Avoiding an ugly “us against them” theme is why Apple was careful to make sure Long’s Mac character treated the PC with kindness and compassion rather than disdain. On the other hand, the PC would say things like, “Well, Mac, I guess you are a little better at creative stuff...even though it's completely juvenile and a waste of time." Villain.
Another brilliant thing Apple did was make a product comparison that avoided the “Pepsi Challenge” trap of ultimately reinforcing the dominance of the leading brand. The copy may have told you that the Mac was better than the PC, but the imagery worked primarily at the level of identity and asked swing users to choose who they wanted to be like.
These examples from brand advertising use actual “characters” as villains due to the visual nature of the medium.

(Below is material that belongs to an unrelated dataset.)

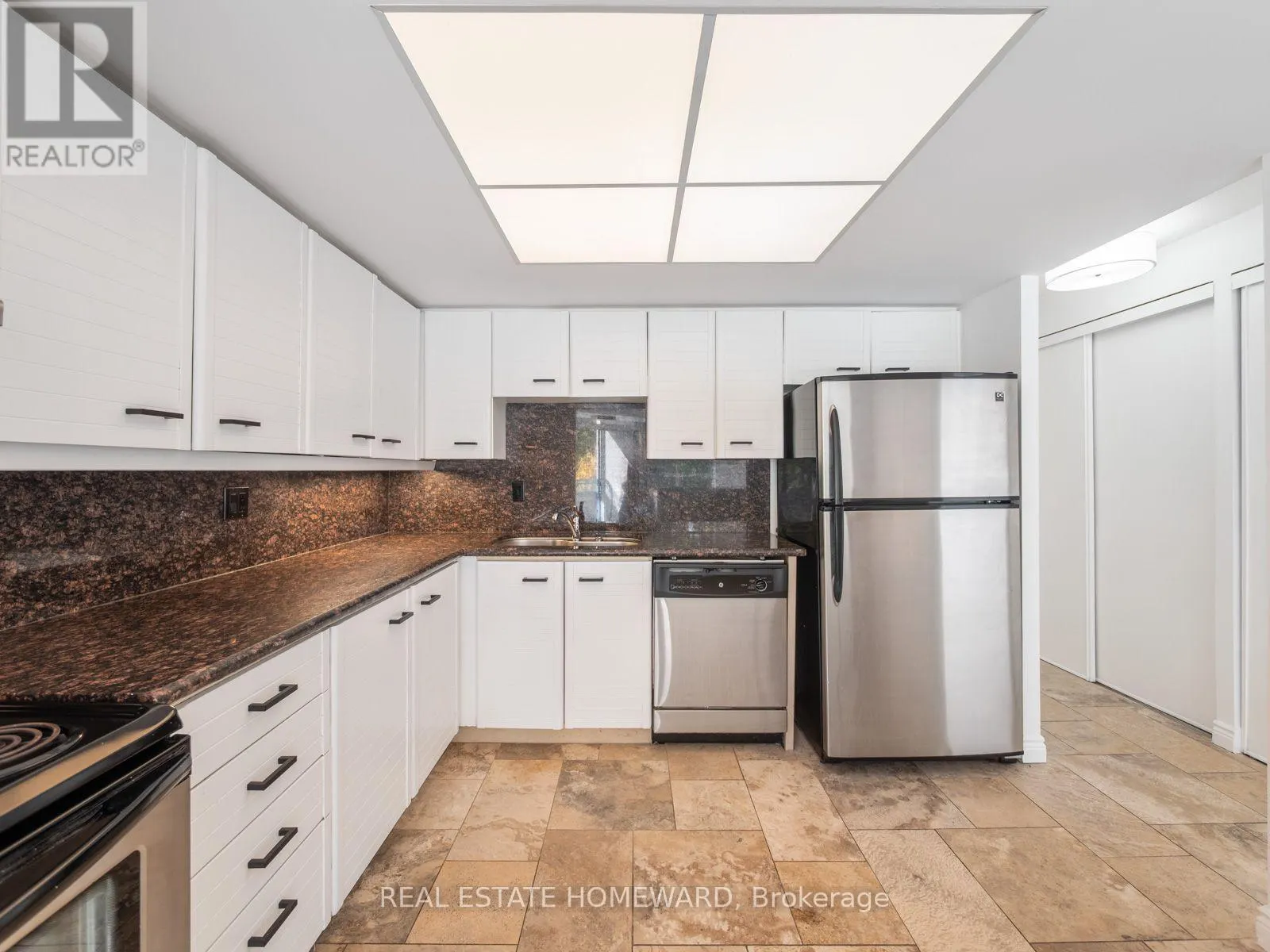 410 - 1093 KINGSTON ROAD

For thought leadership and general content marketing, the villain can be purely conceptual.
During the 8-figure height of Copyblogger Media, we primarily sold web publishing software and web hosting. Our enemy wasn’t the competition – it was what we called “digital sharecropping,” which was about building your web presence on someone else’s land, such as a Facebook page.
In other words, the “villain” was choosing not to invest in a website at all. This villain showed up for us constantly in the news with tales of deleted Facebook pages without reason, rule changes at Tumblr, and ”free” solutions that went out of business without warning.
Bottom line: focusing your messages on empowering the prospect as the protagonist against a common enemy works better than claiming your brand is the “hero.” People are ultimately more motivated by avoiding loss than by achieving gain, so your mentorship helps them dodge the sting of “defeat” at the hands of the villain.